Now i need a table that shows the dates and number of people taking off on that day
Date---------First_Day_Off-------Second_Day_Off
10/21/2009---1-------------------0
12/06/2009---1--------------------1
09/3/2009----2--------------------0
Any ideas?
Oracle 9i+, using Subquery Factoring (WITH):
WITH sample AS (
SELECT a.employee,
a.first_day_off AS day_off,
1 AS day_number
FROM YOUR_TABLE a
WHERE a.first_day_off IS NOT NULL
UNION ALL
SELECT b.employee,
b.second_day_off,
2 AS day_number
FROM YOUR_TABLE b
WHERE b.second_day_off IS NOT NULL)
SELECT s.day_off AS date,
SUM(CASE WHEN s.day_number = 1 THEN 1 ELSE 0 END) AS first_day_off,
SUM(CASE WHEN s.day_number = 2 THEN 1 ELSE 0 END) AS second_day_off
FROM sample s
GROUP BY s.day_off
Non Subquery Version
SELECT s.day_off AS date,
SUM(CASE WHEN s.day_number = 1 THEN 1 ELSE 0 END) AS first_day_off,
SUM(CASE WHEN s.day_number = 2 THEN 1 ELSE 0 END) AS second_day_off
FROM (SELECT a.employee,
a.first_day_off AS day_off,
1 AS day_number
FROM YOUR_TABLE a
WHERE a.first_day_off IS NOT NULL
UNION ALL
SELECT b.employee,
b.second_day_off,
2 AS day_number
FROM YOUR_TABLE b
WHERE b.second_day_off IS NOT NULL) s
GROUP BY s.day_off
It is a bit awkward to handle these queries, since you have days off stored in different columns. A better layout would be to have something like
EMPLOYEE_ID DAY_OFF
Then you would have multiple rows if an employee took multiple days off
EMPLOYEE_ID DAY_OFF
1 10/21/2009
1 12/6/2009
2 09/3/2009
2 12/6/2009
3 09/3/2009
...
In that case, you could find out how many days off each person took by using the following query:
SELECT EMPLOYEE_ID, COUNT(*) AS NUM_DAYS_OFF FROM DAYS_OFF_TABLE GROUP BY EMPLOYEE_ID
And the number of people who took days off on each date like this:
SELECT DAY_OFF, COUNT(*) AS NUM_PEOPLE FROM DAYS_OFF_TABLE GROUP BY DAY_OFF
But I digress...
You can try to use an SQL CASE statement to help with this:
SELECT Employee, CASE
WHEN First_Day_Off is NULL AND Second_Day_Off is NULL THEN 0
WHEN First_Day_Off is NOT NULL AND Second_Day_Off is NULL THEN 1
WHEN First_Day_Off is NULL AND Second_Day_Off is NOT NULL THEN 1
ELSE 2
END AS NUM_DAYS_OFF
FROM DAYS_OFF_TABLE
(note that you may need to change around the syntax slightly depending on your database.
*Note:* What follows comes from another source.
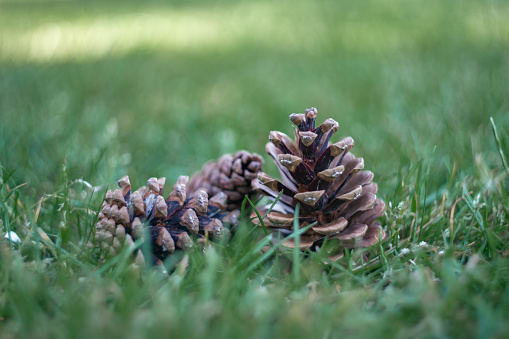 fallen pine cone on the grass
Getting dates and number of people who took off on that day might be more complicated.
I don't know if this would work, but you can try it:
SELECT
Date_Off,
COUNT(*) AS Num_People
FROM
(SELECT
First_Day_Off, COUNT(*) AS Num_People FROM DAYS_OFF_TABLE WHERE First_Day_Off IS NOT NULL GROUP BY First_Day_Off
UNION
SELECT Second_Day_Off, COUNT(*) AS Num_People FROM DAYS_OFF_TABLE WHERE Second_Day_Off IS NOT NULL GROUP BY Second_Day_Off)
GROUP BY
Num_People